From the line that contains "Korean Style Christmas" down to the final line of the listing below, set down every line exactly, both ends included, and drop the pictures.

········

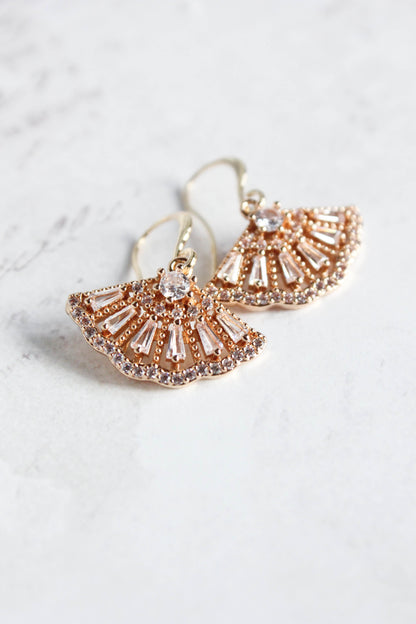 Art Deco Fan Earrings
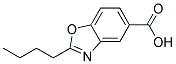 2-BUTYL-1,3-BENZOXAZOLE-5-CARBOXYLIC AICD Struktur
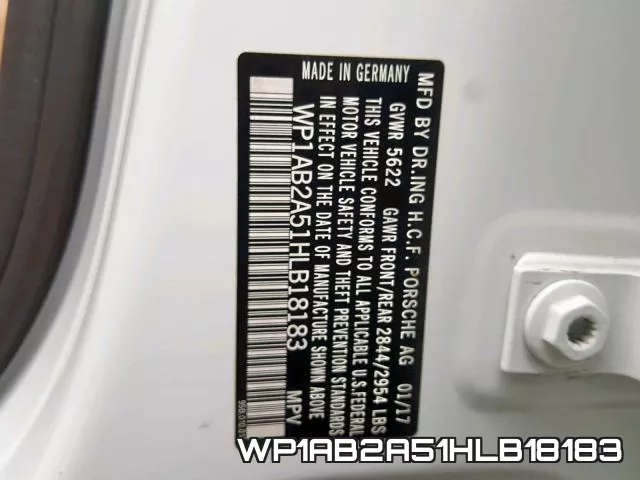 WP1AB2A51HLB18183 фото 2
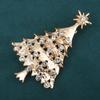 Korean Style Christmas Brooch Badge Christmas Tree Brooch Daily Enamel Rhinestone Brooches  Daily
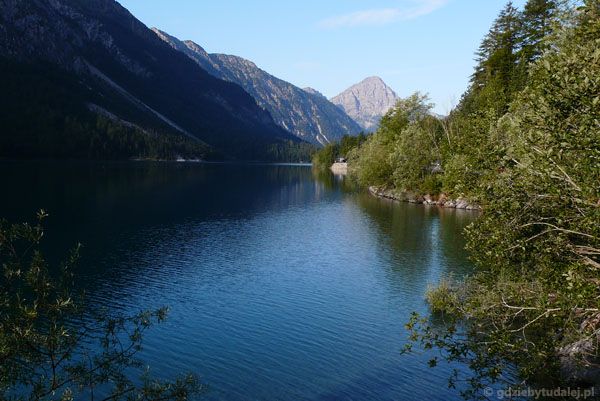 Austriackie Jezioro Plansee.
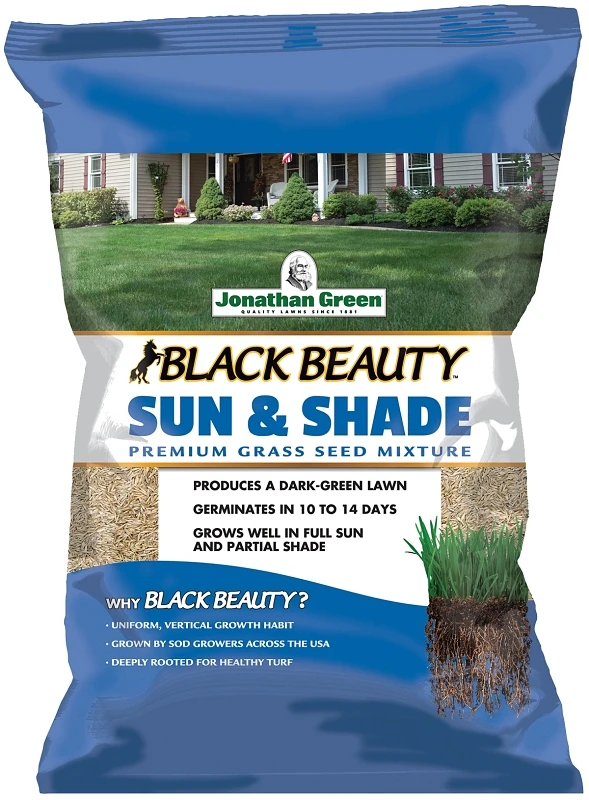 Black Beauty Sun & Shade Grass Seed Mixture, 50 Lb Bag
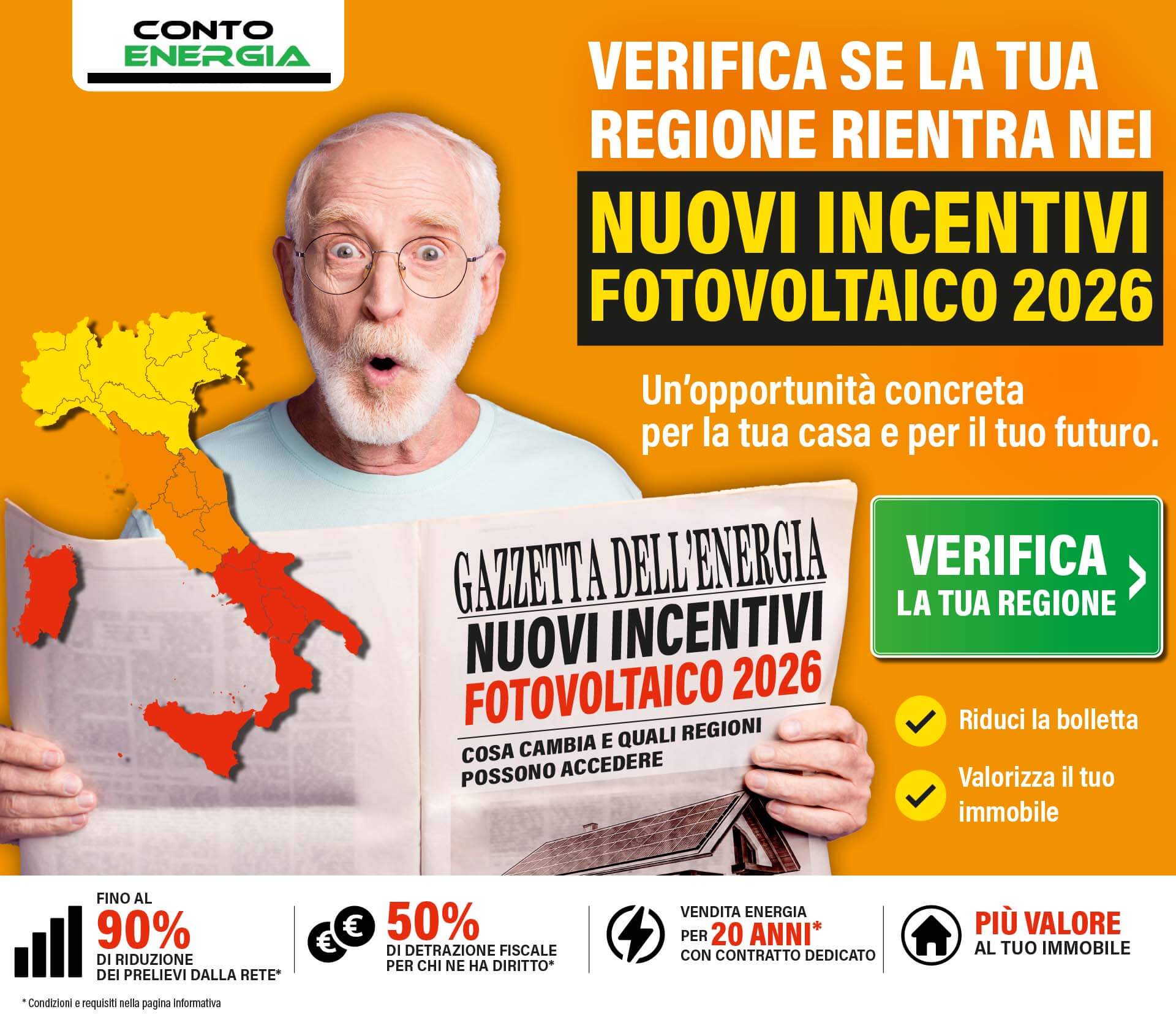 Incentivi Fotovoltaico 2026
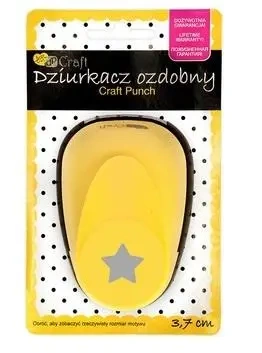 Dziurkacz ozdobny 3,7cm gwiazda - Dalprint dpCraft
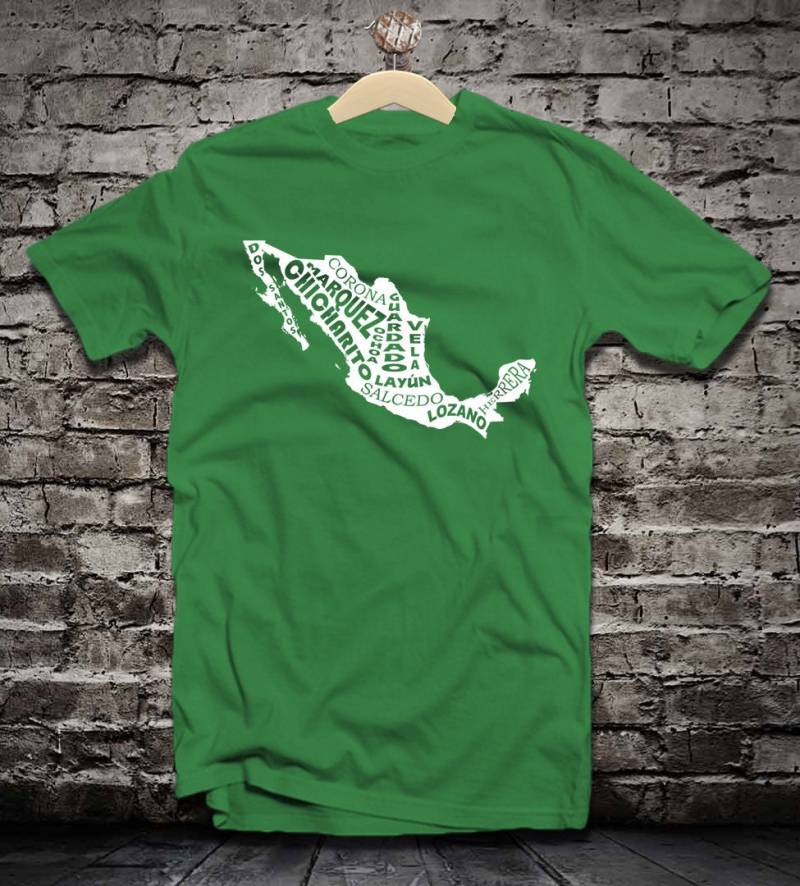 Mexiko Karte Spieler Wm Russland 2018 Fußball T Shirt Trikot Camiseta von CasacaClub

········

#### YOUR SOLUTION:
 Korean Style Christmas Brooch Badge Christmas Tree Brooch Daily Enamel Rhinestone Brooches  Daily
 Austriackie Jezioro Plansee.
 Black Beauty Sun & Shade Grass Seed Mixture, 50 Lb Bag
 Incentivi Fotovoltaico 2026
 Dziurkacz ozdobny 3,7cm gwiazda - Dalprint dpCraft
 Mexiko Karte Spieler Wm Russland 2018 Fußball T Shirt Trikot Camiseta von CasacaClub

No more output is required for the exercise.